Sieben Merkmale von Babys, die im Juni geboren wurden, laut Wissenschaft

Der sechste Monat des Jahres hat begonnen, und wenn Sie in Ihren letzten Schwangerschaftswochen sind, wird Ihr Baby wahrscheinlich im Juni geboren, der Monat Sommer beginnt in der nördlichen Hemisphäre.

Die Wissenschaft war verantwortlich für die Untersuchung der Beziehung zwischen dem Zeitpunkt der Geburt und bestimmten Eigenschaften bei Menschen, und obwohl natürlich viele andere Faktoren Die Persönlichkeit und Gesundheit beeinflussen, deuten die Ergebnisse darauf hin, dass Babys, die im Juni geboren wurden, wahrscheinlicher sind als jene, die in anderen Monaten des Jahres geboren wurden, von einigen der Dinge, die wir Ihnen als nächstes erzählen.

Sind fröhlich und weniger anfällig für Depressionen

In den Monaten höherer Sonneneinstrahlung geboren zu sein, hängt mit der Bereitschaft zusammen, eine fröhliche Persönlichkeitzu haben, so eine Studie, die in der Fachzeitschrift Nature Neuroscience veröffentlicht wurde.

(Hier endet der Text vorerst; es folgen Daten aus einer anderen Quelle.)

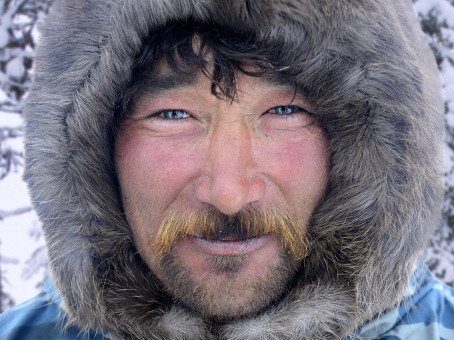 Как на самом деле моются чукчи без воды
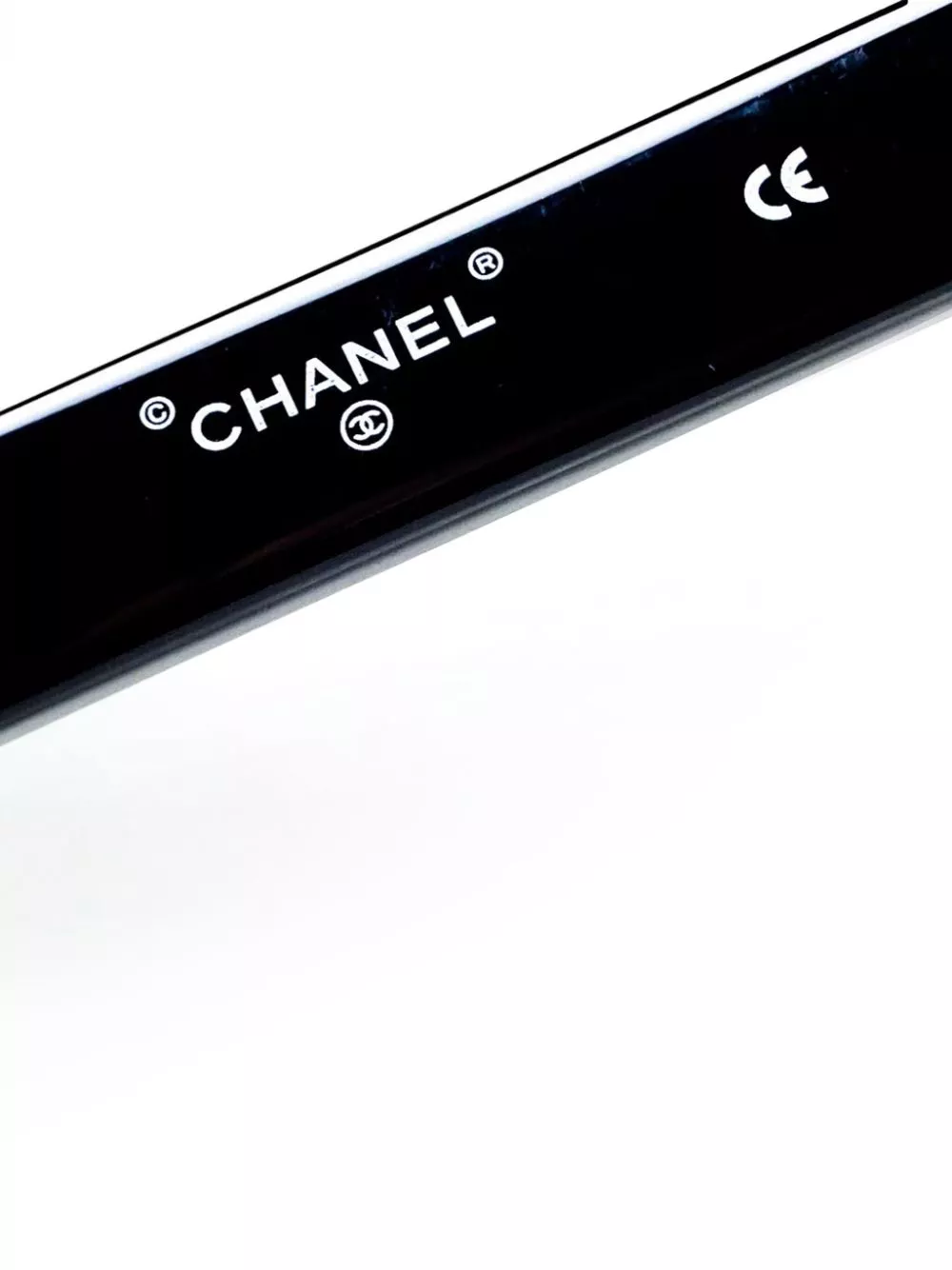 Cheap CHANEL 1993 logo-print round-fame sunglasses Men 0125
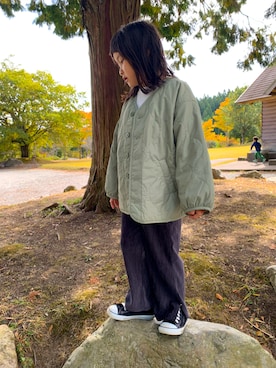 cocomamさん(キッズ・120cm)の秋コーディネート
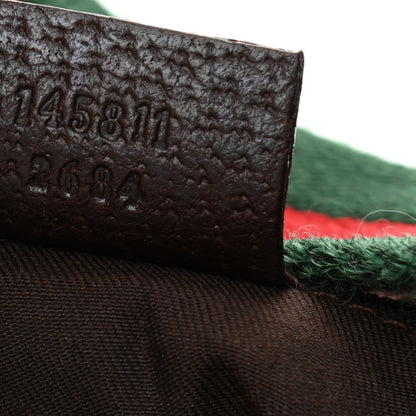 Gucci Monogram Small Pop Hobo Brown 7 of 10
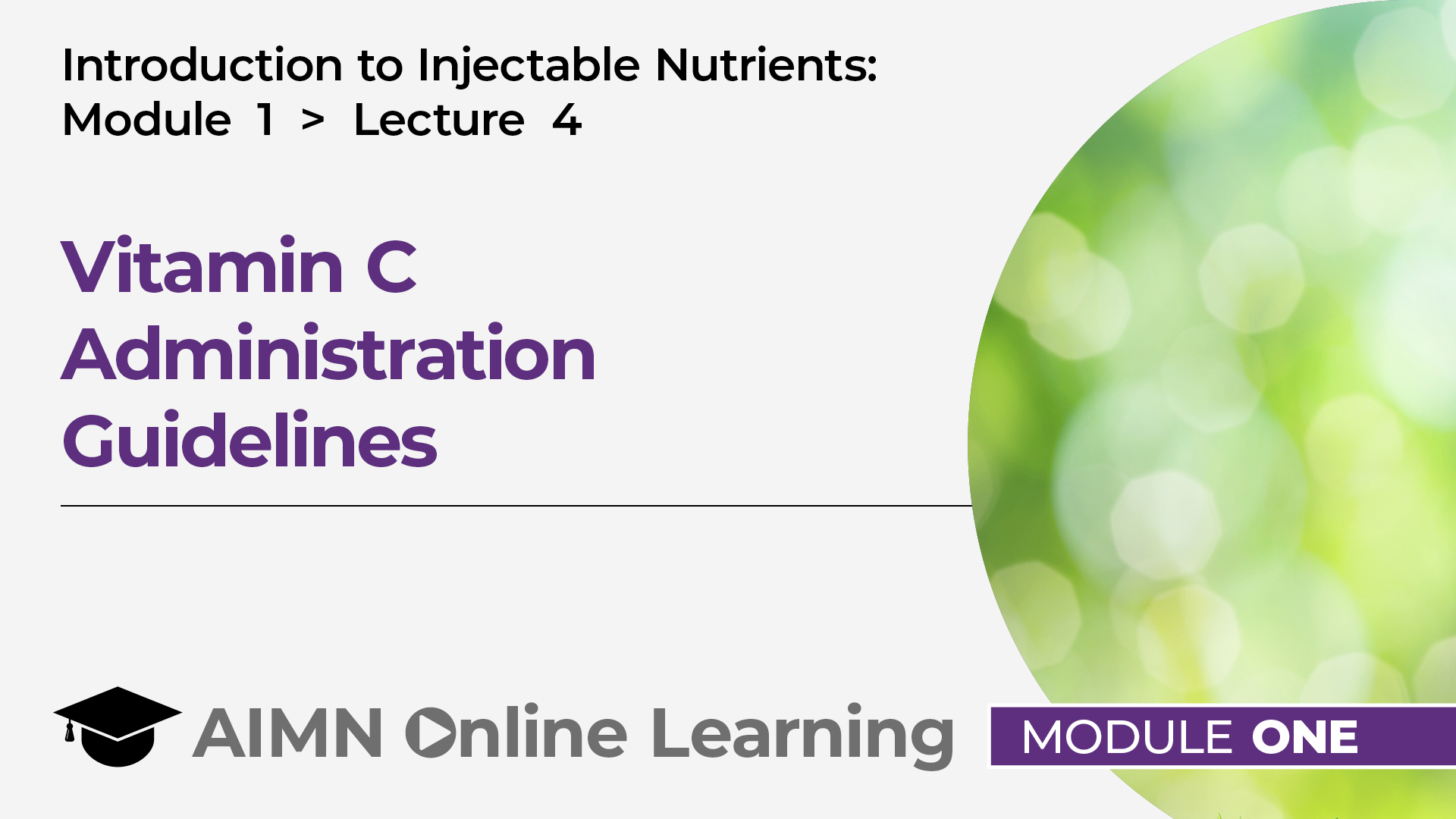 AIMN_Online_Module_01_Lecture_04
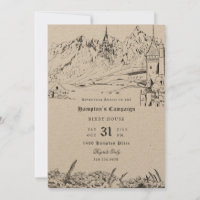 Campanha de Jogo Jogando Papel na Paisagem Fantasi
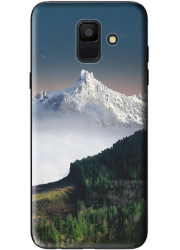 Coque silicone Samsung Galaxy A6 personnalisée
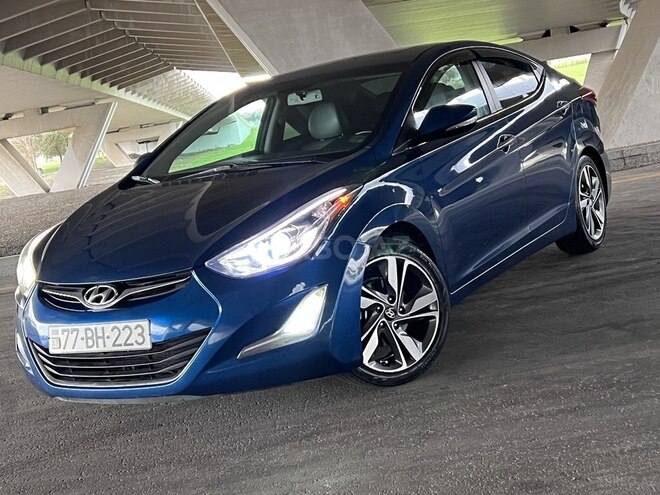 Hyundai Elantra 2014, 228,396 km - 1.8 l - Bakı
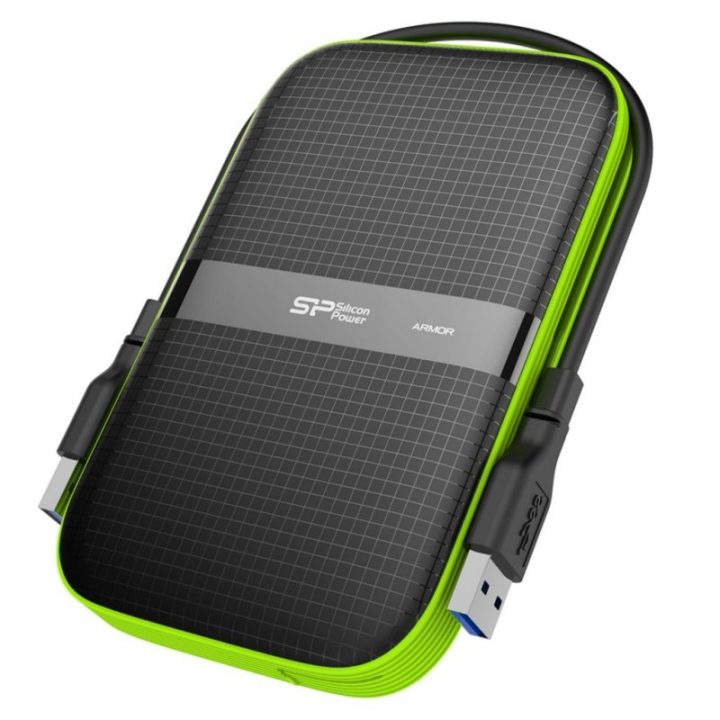 Silicon Power SP HD A60 1TB 2.5" USB Resistente a choques/água…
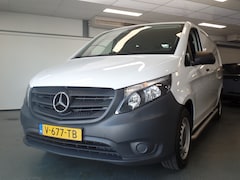 Mercedes-Benz Vito - 111 CDI Functional Extra Lang Lengte 3, Hoogte 1, Airco, Elek ramen, 3 Zitplaatsen, Achter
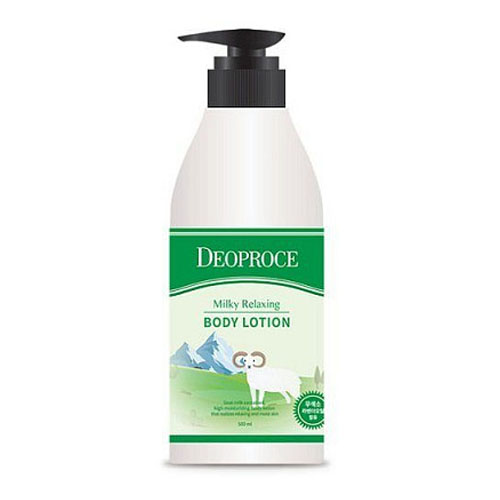 Deoproce Milky Relaxing Body Lotion
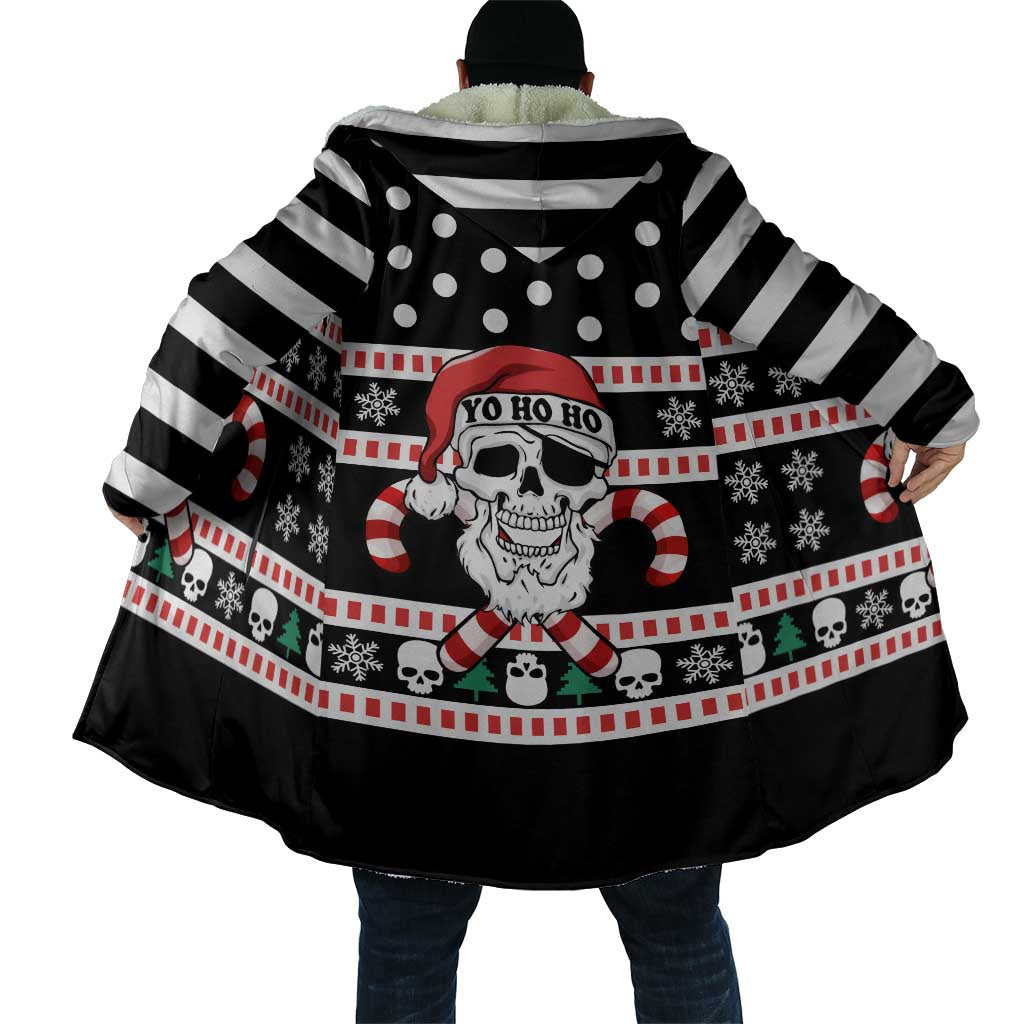 Skull Creepmas Christmas Yall Christmas Cloak Xmas Holiday Patterns - Wonder Print Shop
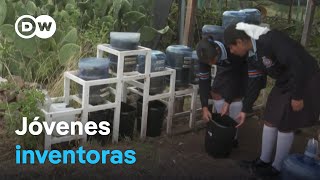 NOBEL Premio Nobel del Agua por filtros caseros que recuperan agua entintada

Wissenschaftler der Vanderbilt University beobachteten Mäuse, um festzustellen, dass Sommerlichtzyklen dazu neigten, das Risiko einer saisonalen affektiven Störung (Winterdepression), bipolarer Depression und Schizophrenie für diejenigen zu reduzieren, die in den Sommermonaten geboren wurden, und für diejenigen, die im Winter geboren wurden, zu zunehmen.

Sie neigen dazu, zu positiv zu sein

Eine Studie des Europäischen Kollegs für Neuropsychopharmakologie besagt, dass Menschen, die im Frühjahr und Sommer geboren wurden, eher ein hyperthymisches Temperament haben,eine Tendenz, übermäßig positiv zu sein.

Sind anfällig für Stimmungsschwankungen

Während sie anfällig für Positivität sind, Können sie auch von Stimmungsschwankungen betroffen sein. Zyklothymisches Temperament (gekennzeichnet durch schnelle und häufige Wechsel zwischen traurigen und fröhlichen Stimmungen) ist ein weiteres Merkmal, das am häufigsten bei Babys gefunden wird, die in den Sommermonaten auf der nördlichen Hemisphäre geboren wurden, laut der gleichen Studie.

Sind eher kurzsichtig

Eine Studie mit 300.000 jungen Erwachsenen hat gezeigt, dass Babys, die im Juni und Juli geboren wurden, eine Chance von 24 Prozent hatten, schwer kurzsichtig zu werden als jene, die im Dezember und Januar geboren wurden.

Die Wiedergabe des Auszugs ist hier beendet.